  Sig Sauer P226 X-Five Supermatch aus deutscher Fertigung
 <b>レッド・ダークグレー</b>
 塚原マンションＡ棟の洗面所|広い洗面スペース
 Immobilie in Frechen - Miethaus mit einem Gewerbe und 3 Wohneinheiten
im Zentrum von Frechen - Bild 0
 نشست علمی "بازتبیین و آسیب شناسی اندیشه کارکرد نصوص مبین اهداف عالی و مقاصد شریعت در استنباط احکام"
==
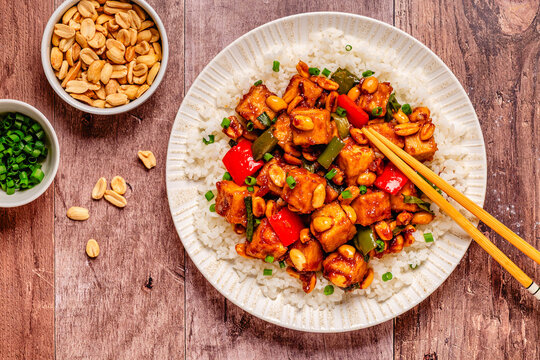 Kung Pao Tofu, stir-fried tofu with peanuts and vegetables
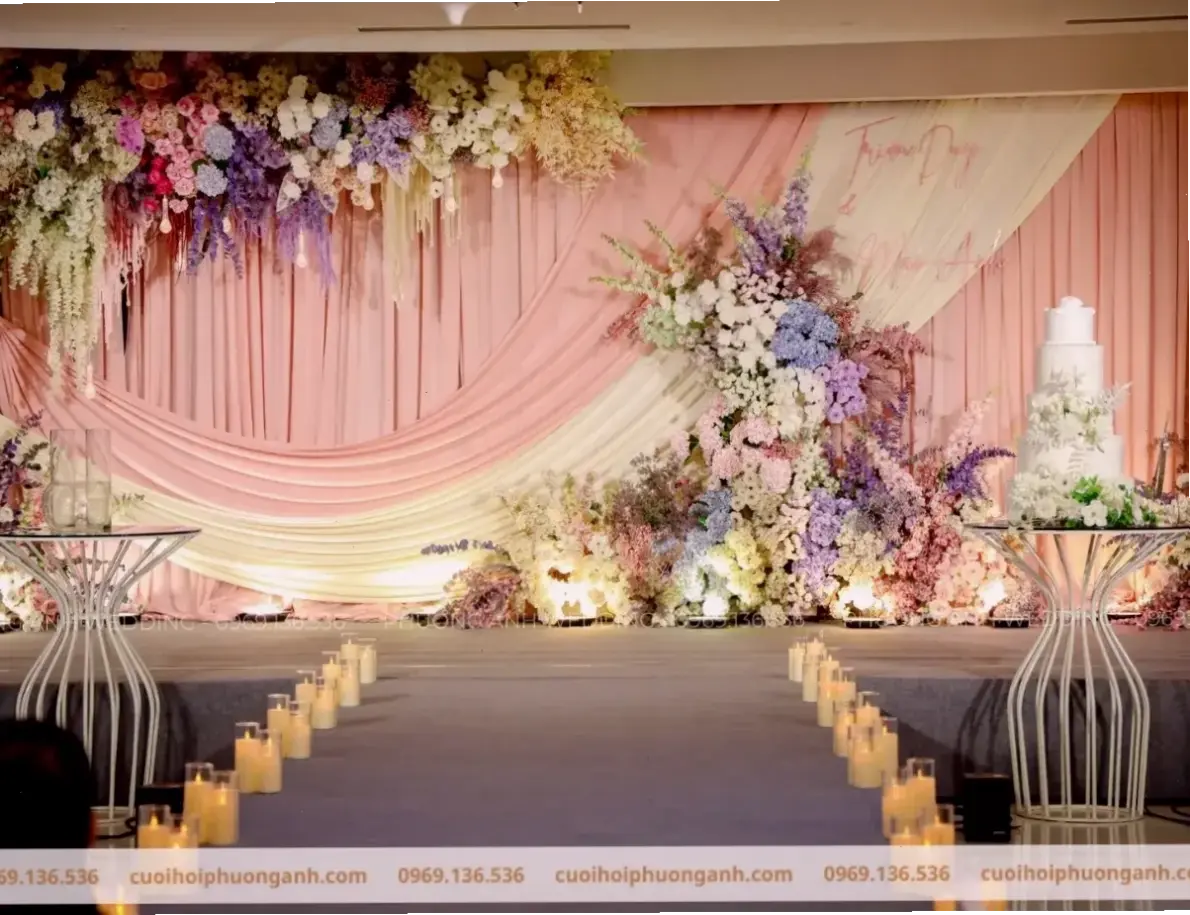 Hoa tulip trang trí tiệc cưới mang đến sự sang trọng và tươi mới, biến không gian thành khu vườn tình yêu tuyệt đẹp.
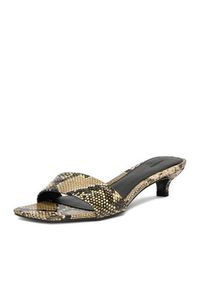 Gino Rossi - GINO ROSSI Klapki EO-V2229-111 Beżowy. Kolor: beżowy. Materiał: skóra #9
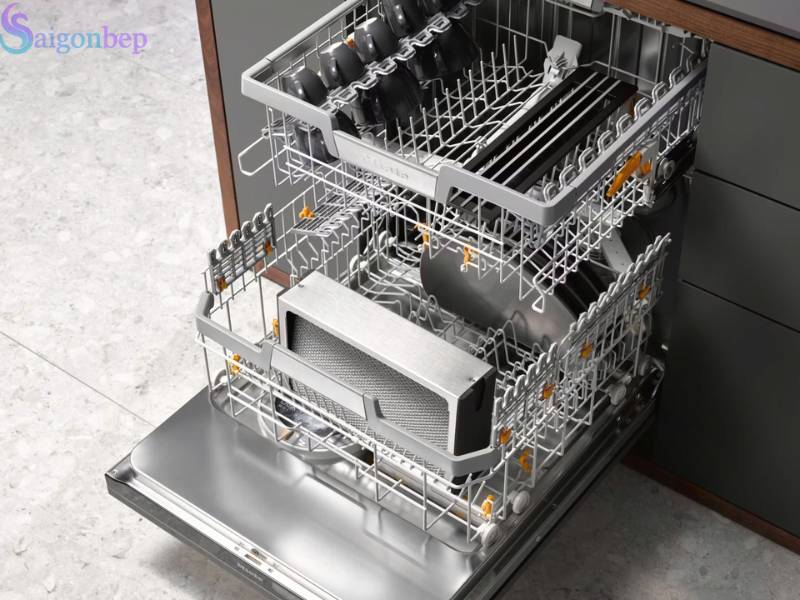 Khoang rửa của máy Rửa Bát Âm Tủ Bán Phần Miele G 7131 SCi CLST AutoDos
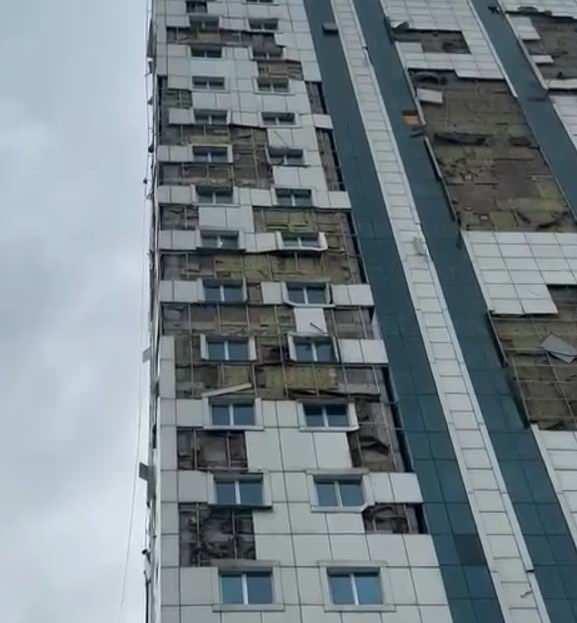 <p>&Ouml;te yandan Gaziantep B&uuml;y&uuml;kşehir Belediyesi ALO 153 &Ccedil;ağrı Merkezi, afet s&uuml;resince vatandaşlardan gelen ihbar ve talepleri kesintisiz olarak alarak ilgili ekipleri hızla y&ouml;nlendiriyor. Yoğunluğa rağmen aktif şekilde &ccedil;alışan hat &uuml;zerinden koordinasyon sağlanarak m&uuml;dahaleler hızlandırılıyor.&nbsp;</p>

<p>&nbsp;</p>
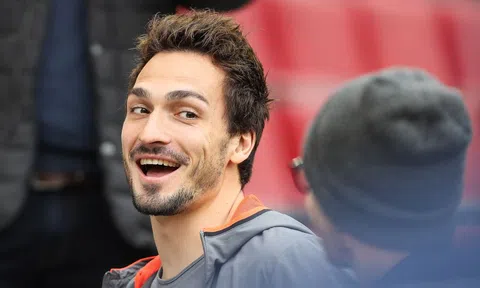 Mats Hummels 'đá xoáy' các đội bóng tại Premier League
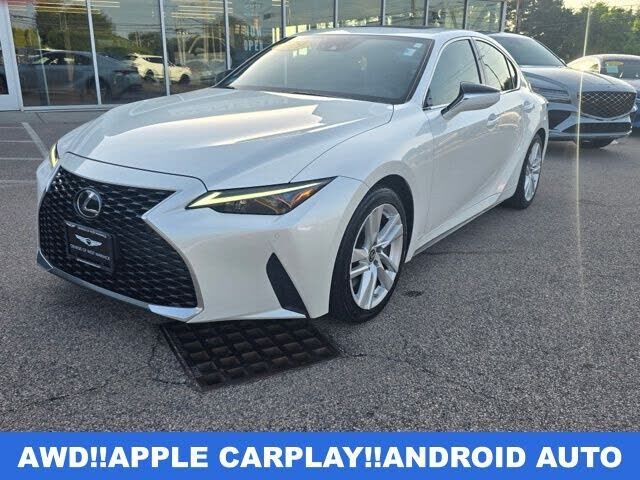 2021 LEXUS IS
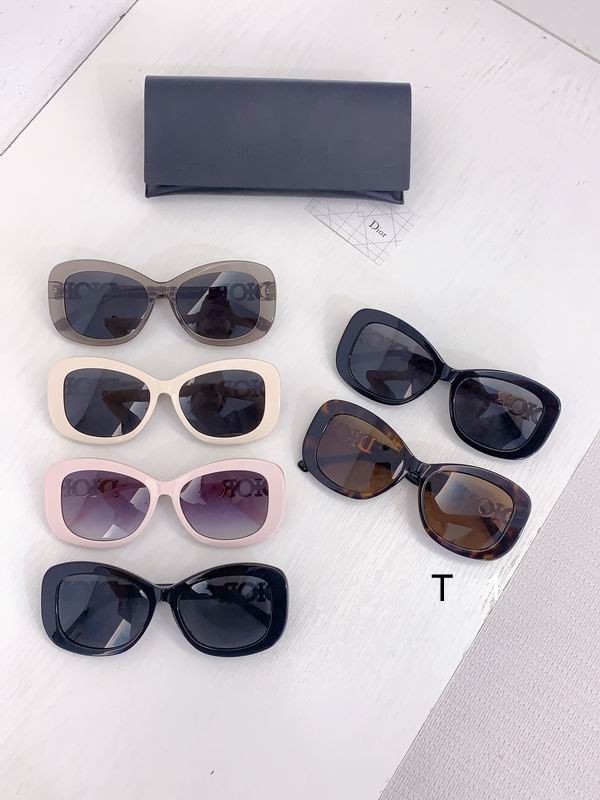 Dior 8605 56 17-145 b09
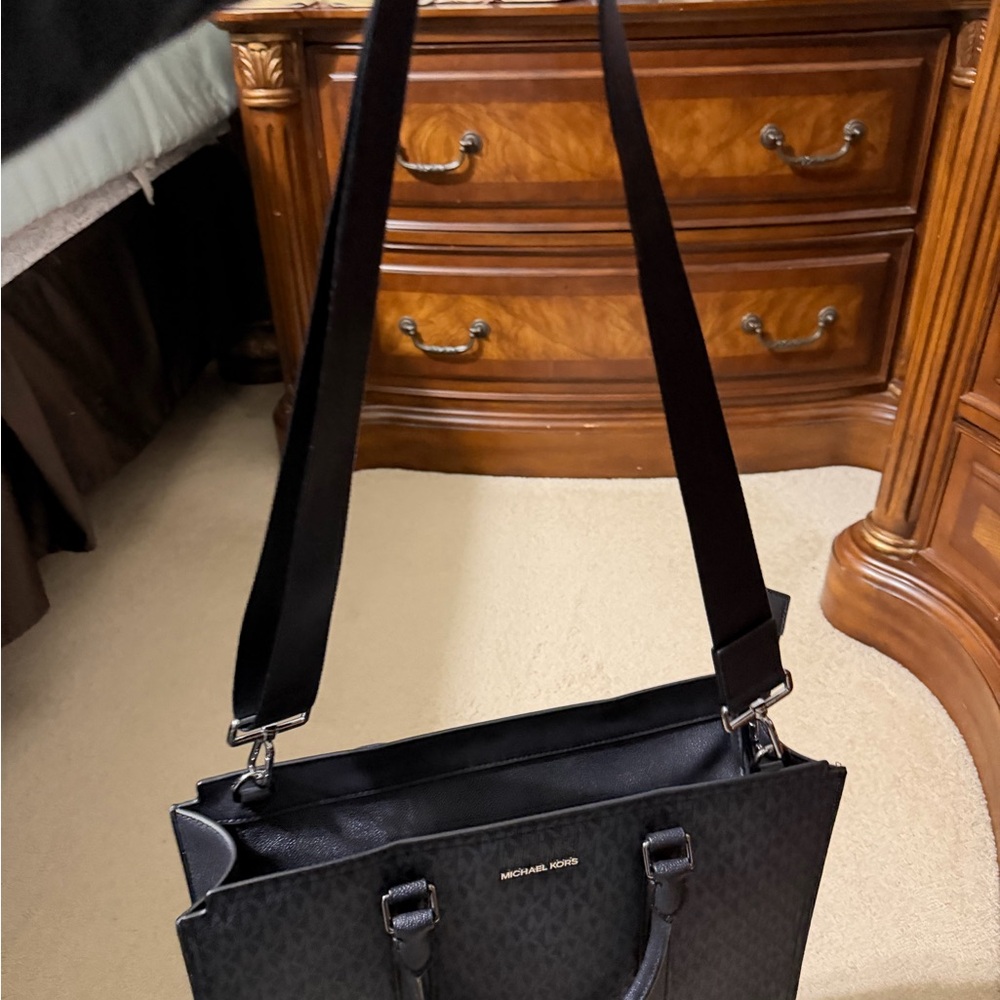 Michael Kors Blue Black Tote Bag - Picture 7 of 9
...
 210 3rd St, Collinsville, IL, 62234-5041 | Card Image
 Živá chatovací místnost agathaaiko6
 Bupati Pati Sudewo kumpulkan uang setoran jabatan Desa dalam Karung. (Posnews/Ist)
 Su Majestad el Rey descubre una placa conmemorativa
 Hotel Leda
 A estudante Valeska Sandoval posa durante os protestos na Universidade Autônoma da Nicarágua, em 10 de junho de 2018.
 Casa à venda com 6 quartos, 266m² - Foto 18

* **YOUR OBJECTIVE**
In the listing above, the lines from the one containing "Živá chatovací místnost agathaaiko6" through the one containing "Casa à venda com 6 quartos, 266m² - Foto 18" must be set down exactly, with no other lines.

* **ANSWER TO THE EXERCISE**
 Živá chatovací místnost agathaaiko6
 Bupati Pati Sudewo kumpulkan uang setoran jabatan Desa dalam Karung. (Posnews/Ist)
 Su Majestad el Rey descubre una placa conmemorativa
 Hotel Leda
 A estudante Valeska Sandoval posa durante os protestos na Universidade Autônoma da Nicarágua, em 10 de junho de 2018.
 Casa à venda com 6 quartos, 266m² - Foto 18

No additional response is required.